Problem requirements: Set down word for word each line from the one containing "Munaro Hotels &" through the end of the records, both included. Do not copy any pictures.

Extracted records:
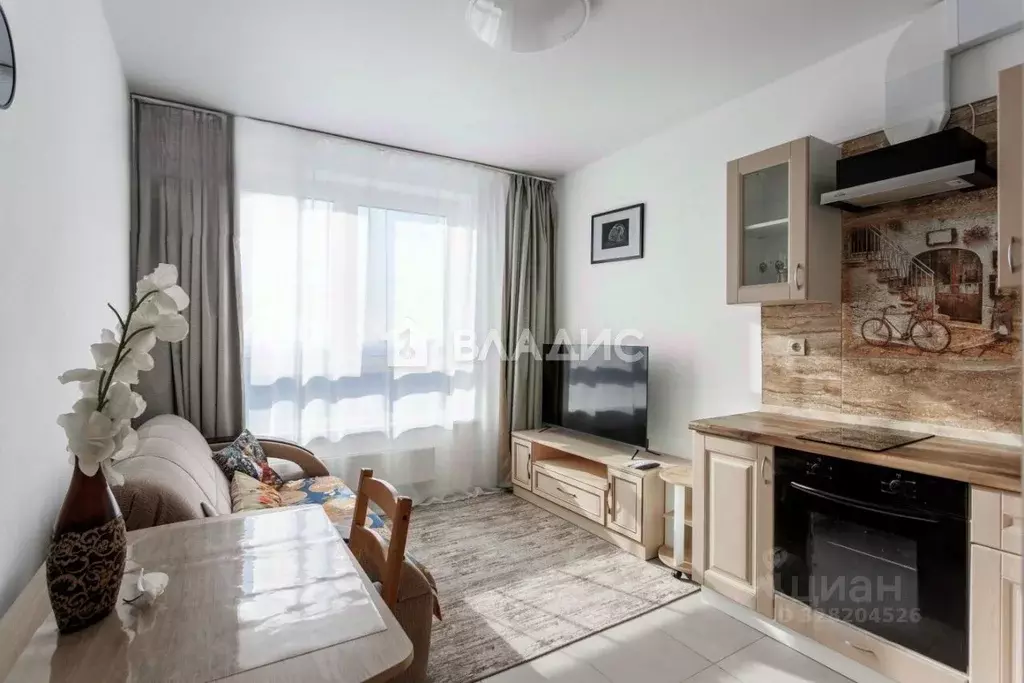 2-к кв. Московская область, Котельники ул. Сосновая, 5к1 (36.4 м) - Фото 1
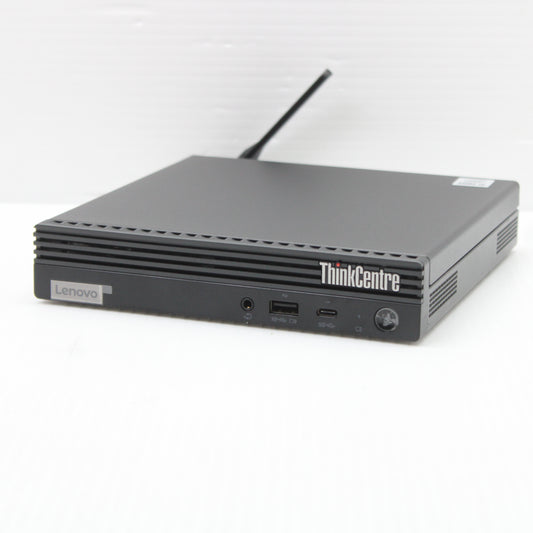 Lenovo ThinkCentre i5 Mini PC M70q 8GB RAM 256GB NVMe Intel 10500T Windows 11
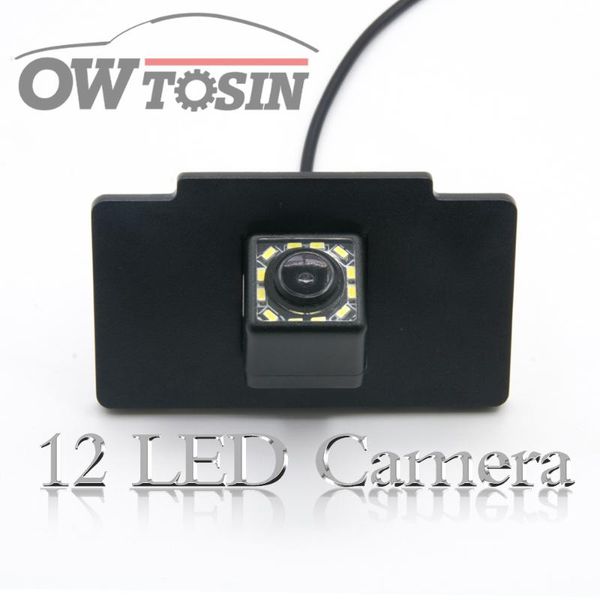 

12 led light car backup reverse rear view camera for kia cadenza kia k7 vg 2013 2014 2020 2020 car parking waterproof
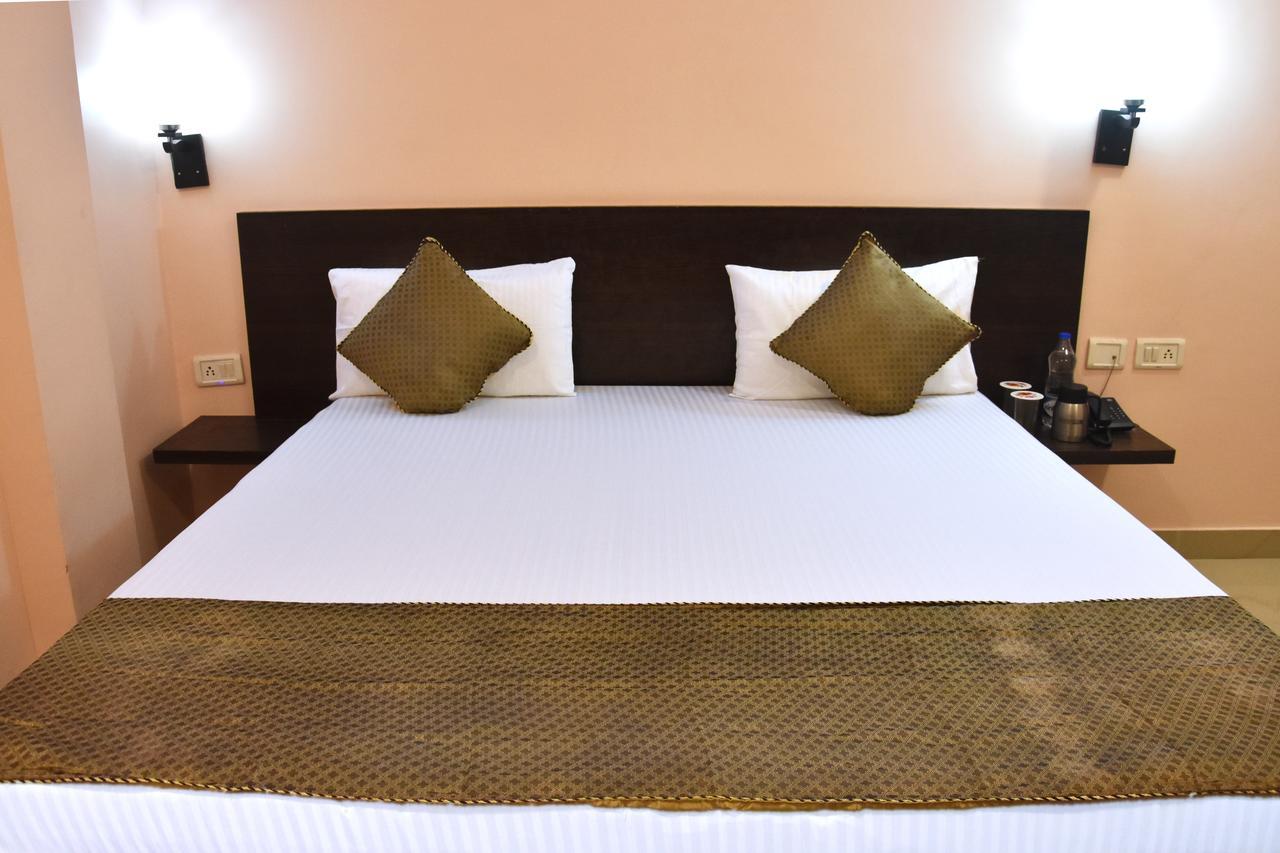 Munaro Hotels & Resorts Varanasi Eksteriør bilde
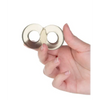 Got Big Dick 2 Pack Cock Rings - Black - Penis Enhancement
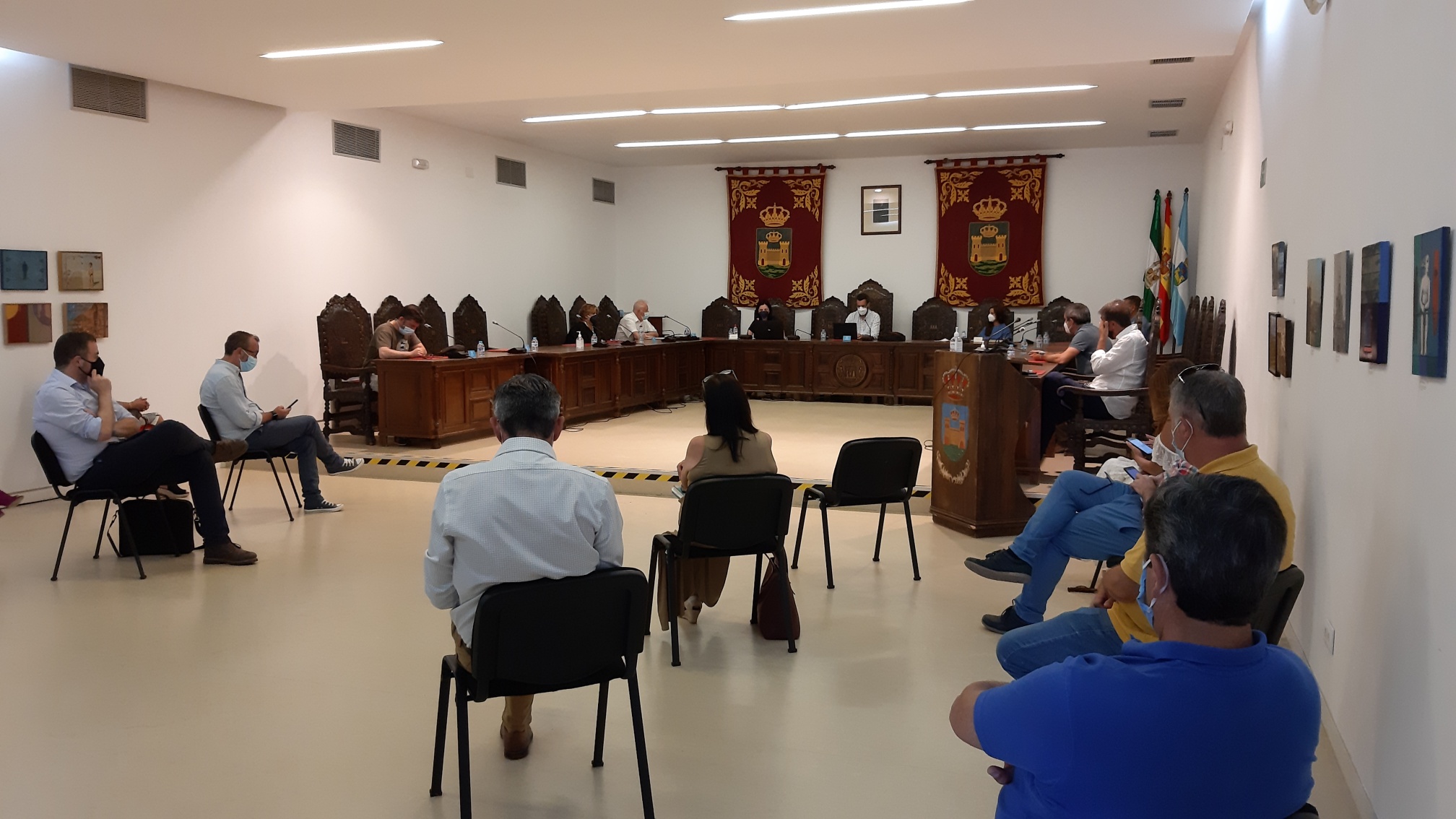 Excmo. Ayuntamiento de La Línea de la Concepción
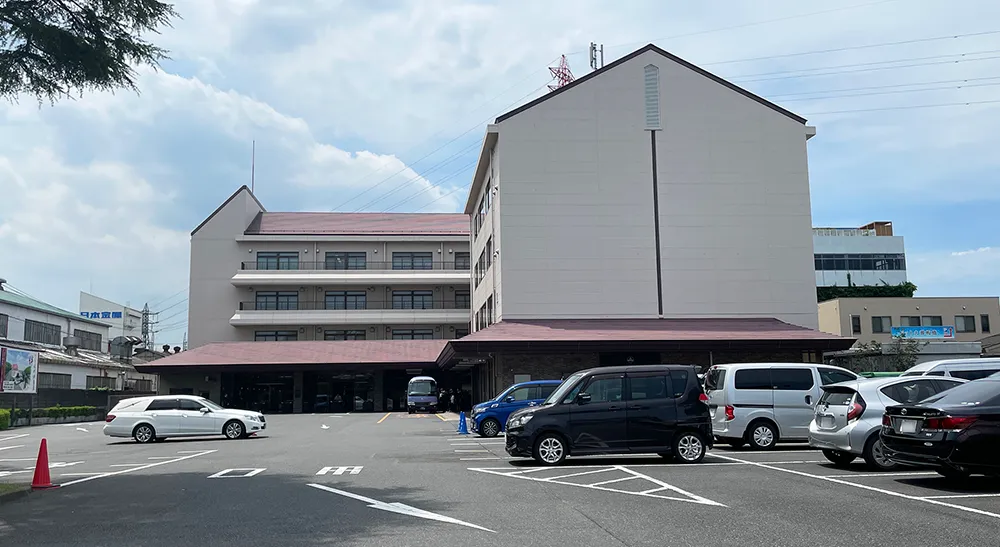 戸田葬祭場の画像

Task output:
 Munaro Hotels & Resorts Varanasi Eksteriør bilde
 Got Big Dick 2 Pack Cock Rings - Black - Penis Enhancement
 Excmo. Ayuntamiento de La Línea de la Concepción
 戸田葬祭場の画像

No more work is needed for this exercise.